Minimising Event Size, Maximising Physics: Inclusive Particle Isolation for LHCb's Run 3
Marta Calvi, Tommaso Fulghesu, George Hallett, Luca Hartman, Basem Khanji, Veronica S. Kirsebom, Thomas Latham, Marion Lehuraux, Ching-Hua Li, Abhijit Mathad, Matthew Monk, Andy Morris, Matthew Scott Rudolph, Francesca Swystun, Dorothea vom Bruch
TL;DR
This work tackles the challenge of dramatically increasing Run 3 data rates at LHCb by reducing per-event size without sacrificing heavy-flavour physics. It introduces Inclusive Multivariate Isolation (IMI), a fast, XGBoost-based classifier that unifies strengths of classical isolation methods (track, cone, and vertex) to selectively retain only the most relevant particles per event. IMI achieves about 45% data-size reduction while preserving ~99% signal efficiency and delivering superior background rejection across diverse decay channels and event multiplicities, with robust validation on Run 3 data.
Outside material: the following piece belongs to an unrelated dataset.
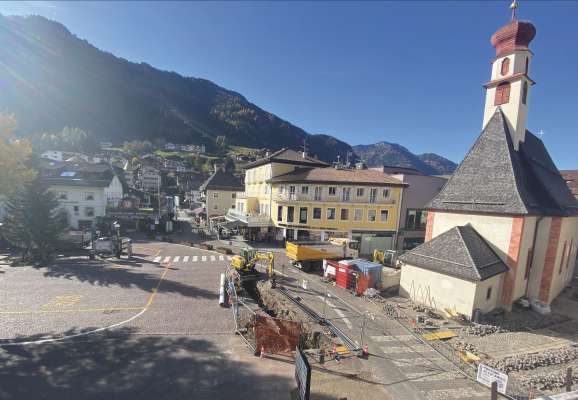 Sun Plaza de Sant Antone a Uritjëi. A man ciancia: l lën da Nadel, a man drëta i lëures che vën fac pra i sasc de salejà y pra la roles dal’ega.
The method is integrated into the LHCb framework and designed for future extensions, potentially serving as a fast pruning layer to support more compute-intensive reconstruction as the experiment scales toward the High-Luminosity LHC era. The results demonstrate a practical path to scalable, physics-preserving data processing in high-rate environments.
Abstract
The Run 3 of the LHC brings unprecedented luminosity and a surge in data volume to the LHCb detector, necessitating a critical reduction in the size of each reconstructed event without compromising the physics reach of the heavy-flavour programme. While signal decays typically involve just a few charged particles, a single proton-proton collision produces hundreds of tracks, with charged particle information dominating the event size. To address this imbalance, a suite of inclusive isolation tools have been developed, including both classical methods and a novel Inclusive Multivariate Isolation (IMI) algorithm. The IMI unifies the key strengths of classical isolation techniques and is designed to robustly handle diverse decay topologies and kinematics, enabling efficient reconstruction of decay chains with varying final-state multiplicities. It consistently outperforms traditional methods, with superior background rejection and high signal efficiency across diverse channels and event multiplicities. By retaining only the most relevant particles in each event, the method achieves a 45 % reduction in data size while preserving full physics performance, selecting signal particles with 99% efficiency. We also validate IMI on Run 3 data, confirming its robustness under real data-taking conditions. In the long term, IMI could provide a fast, lightweight front-end to support more compute-intensive selection strategies in the high-multiplicity environment of the High-Luminosity LHC.